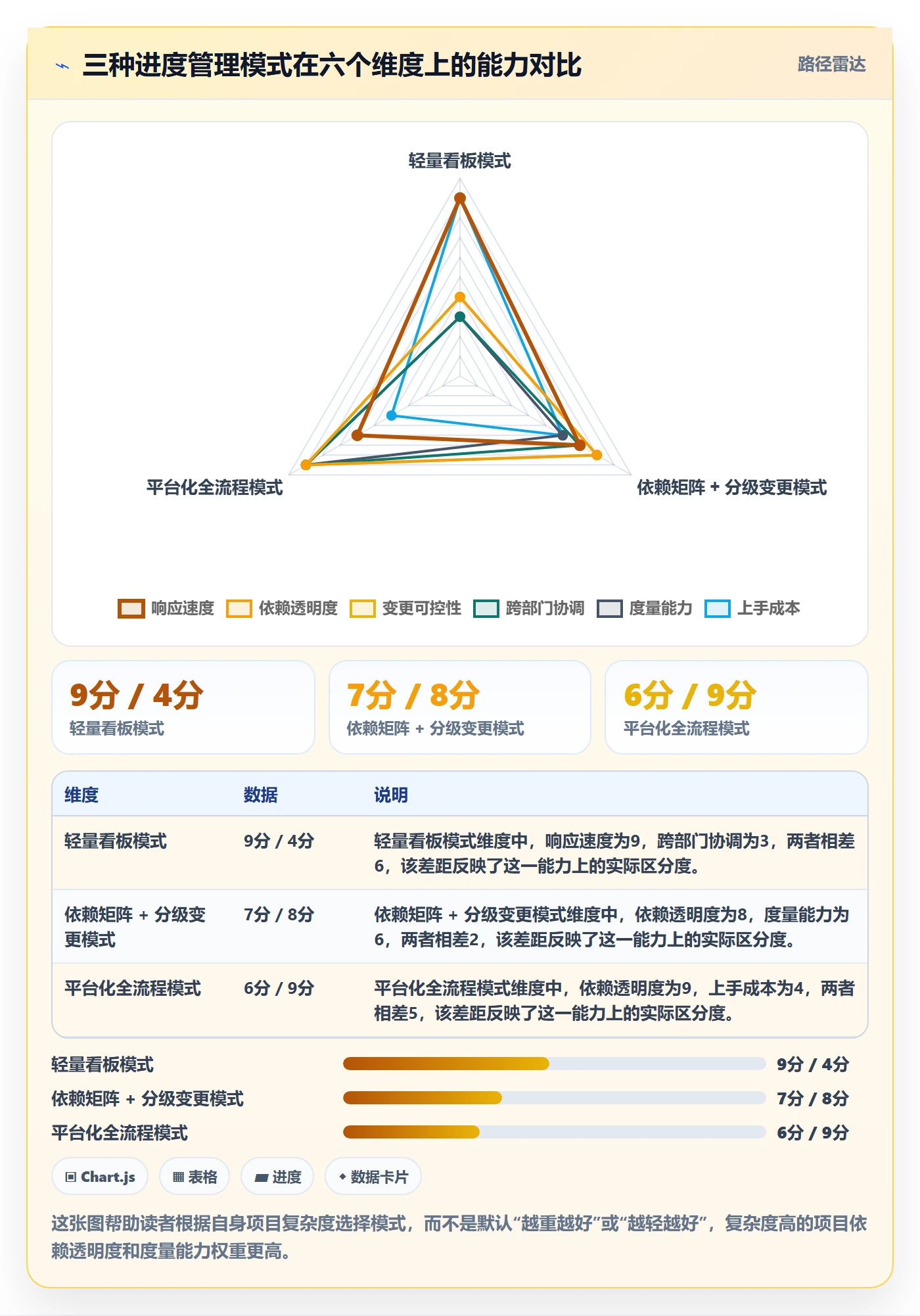 进度管理计划进度教程:跨部门团队实操方法,避坑指南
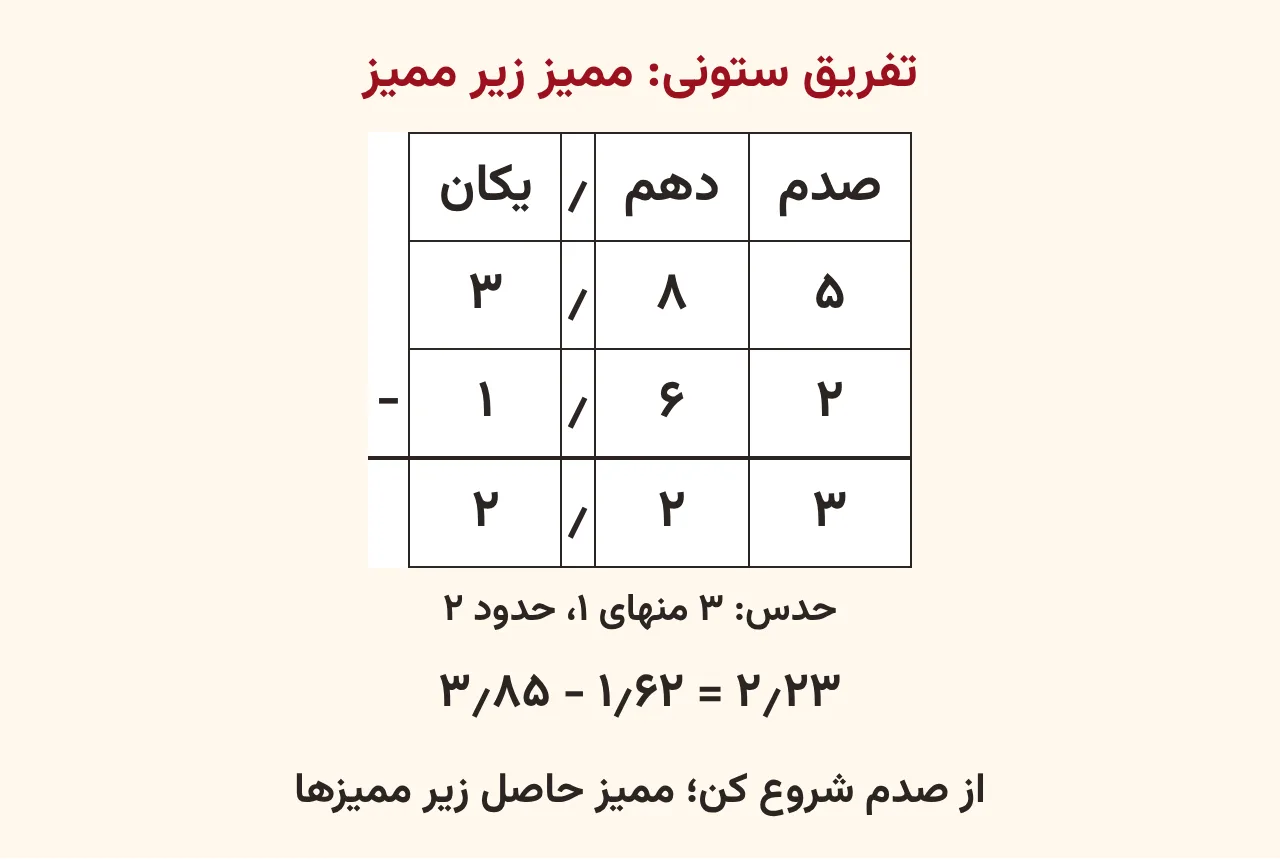 تفریق ستونی ۳٫۸۵ منهای ۱٫۶۲ در جدول ارزش مکانی با ستونهای یکان، دهم و صدم و ممیز زیر ممیز که حاصل ۲٫۲۳ زیر خط نوشته شده، آموزش صفحه ۱۴۳ ریاضی پنجم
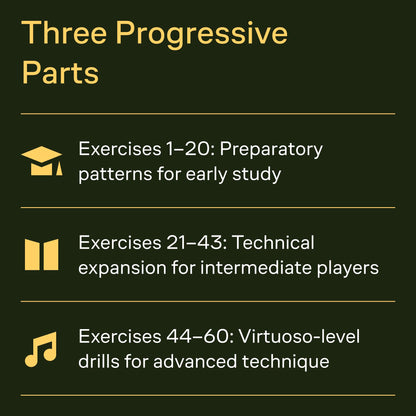 Virtuoso Pianist in 60 Exercises - Book 1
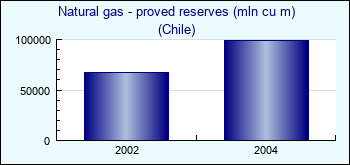 Chile. Natural gas - proved reserves (mln cu m)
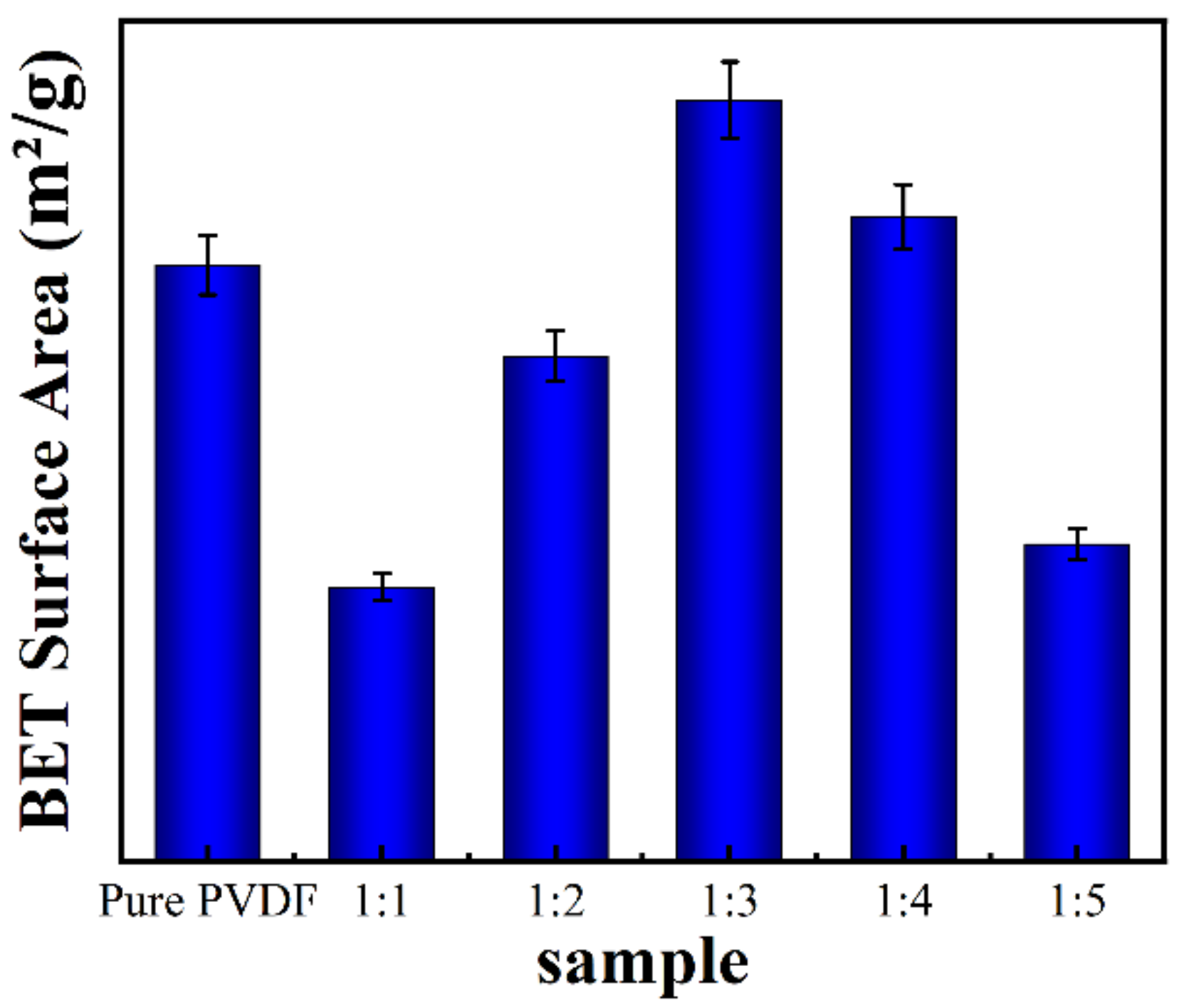 Molecules 27 08579 g002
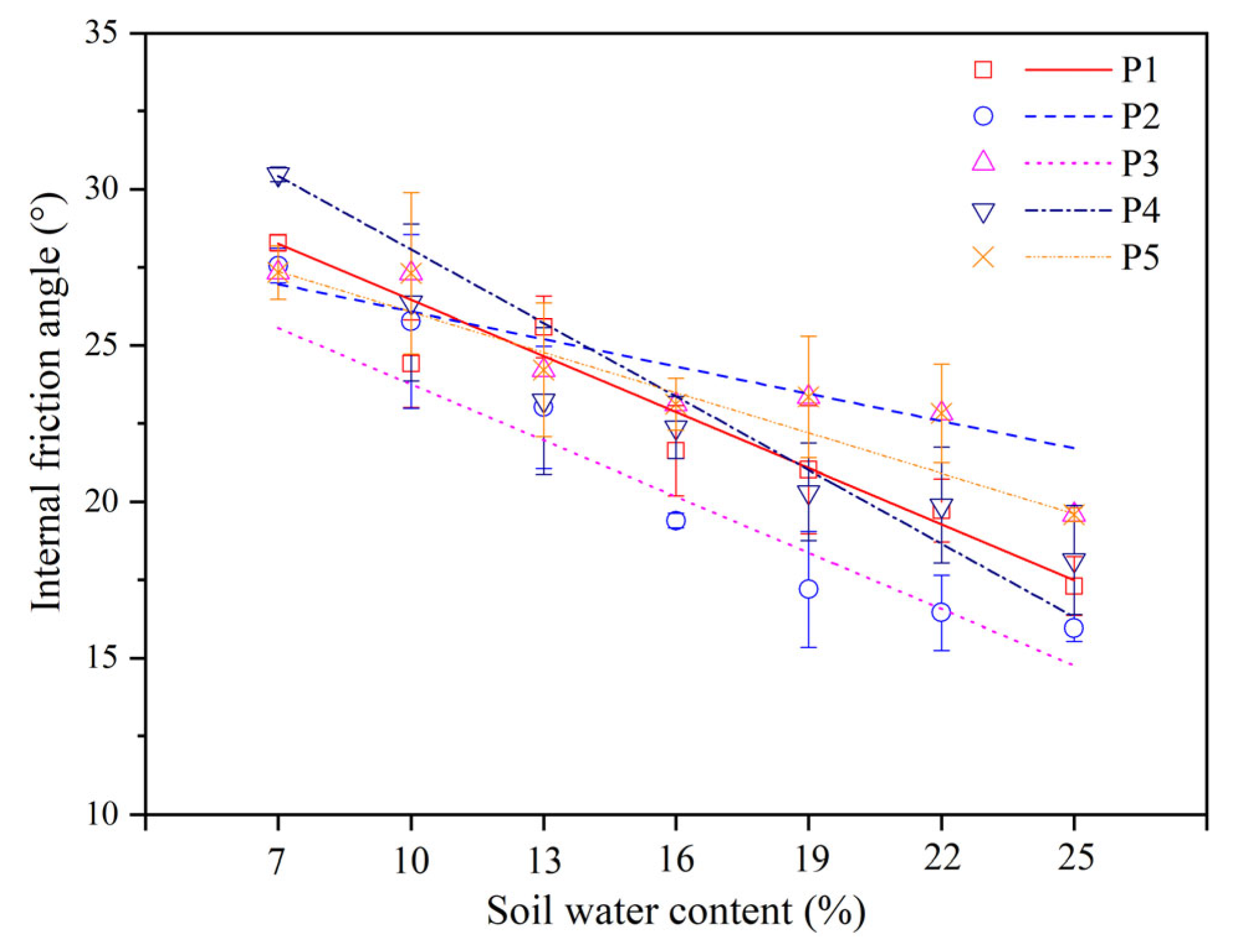 Ijerph 17 01555 g007 Ijerph 17 01555 g007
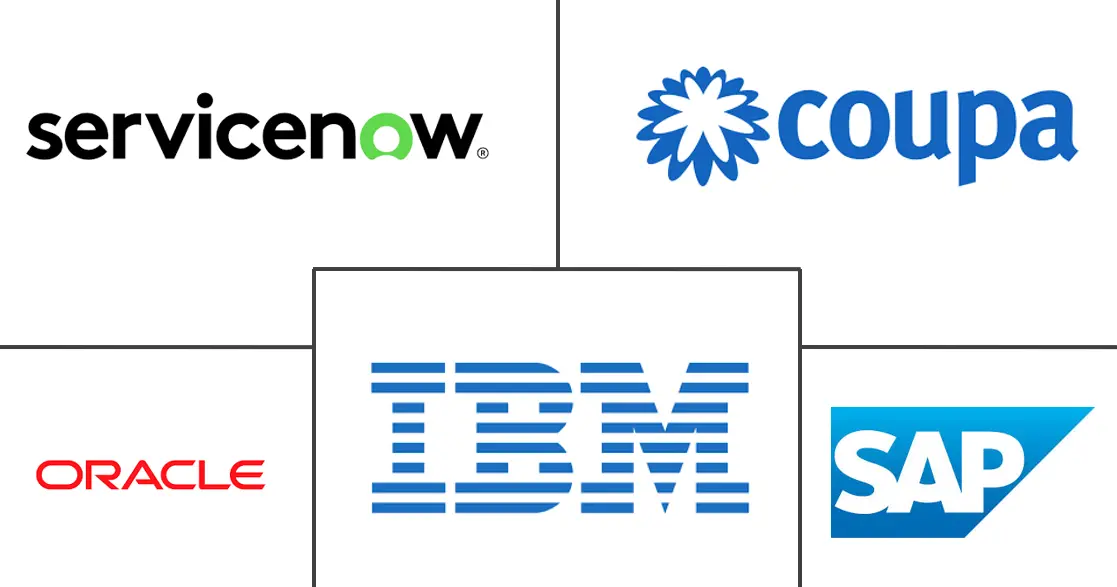 Major players in Catalog Management System industry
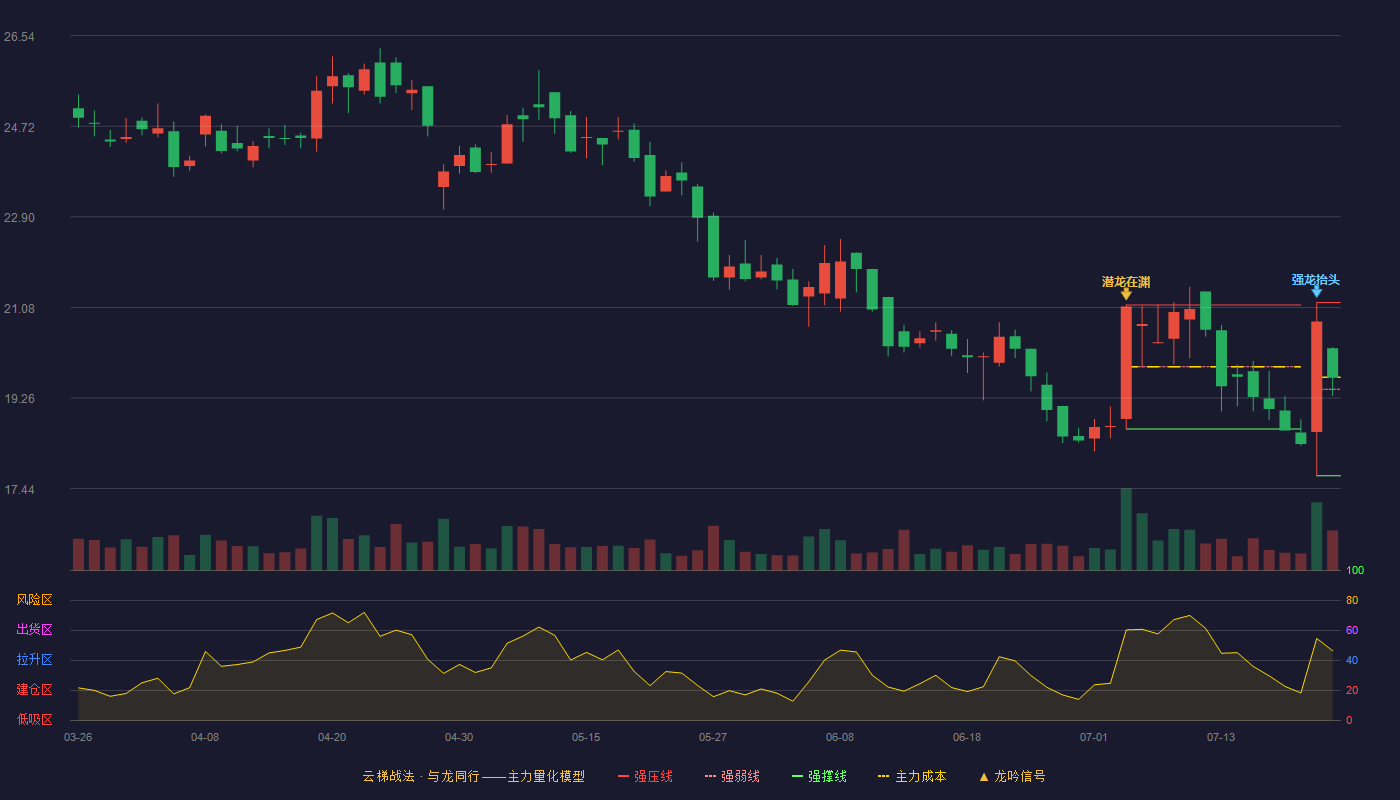 通领科技云梯战法K线图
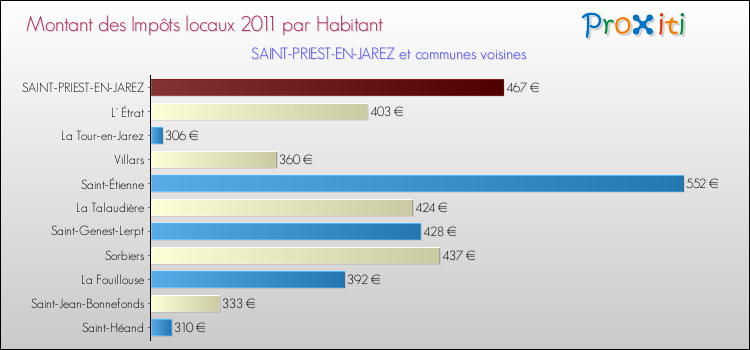 Montant des impôts locaux par Habitant pour SAINT-PRIEST-EN-JAREZ et les communes proches Comparaison des impôts locaux par habitant pour SAINT-PRIEST-EN-JAREZ et les communes voisines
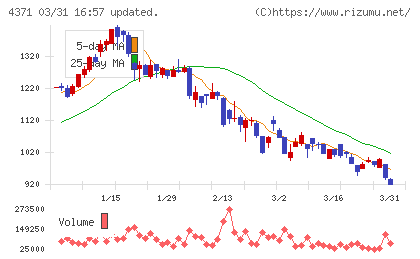 コアコンセプト・テクノロジーチャート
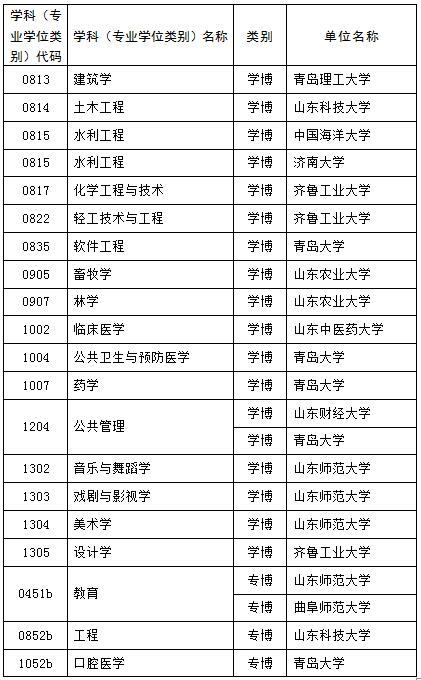 博士3.jpg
# # # # #
● **Problem to work on**
Without the pictures, transcribe exactly the lines above from the one containing "通领科技云梯战法K线图" through the last.

● **Written solution**
 通领科技云梯战法K线图
 Montant des impôts locaux par Habitant pour SAINT-PRIEST-EN-JAREZ et les communes proches Comparaison des impôts locaux par habitant pour SAINT-PRIEST-EN-JAREZ et les communes voisines
 コアコンセプト・テクノロジーチャート
 博士3.jpg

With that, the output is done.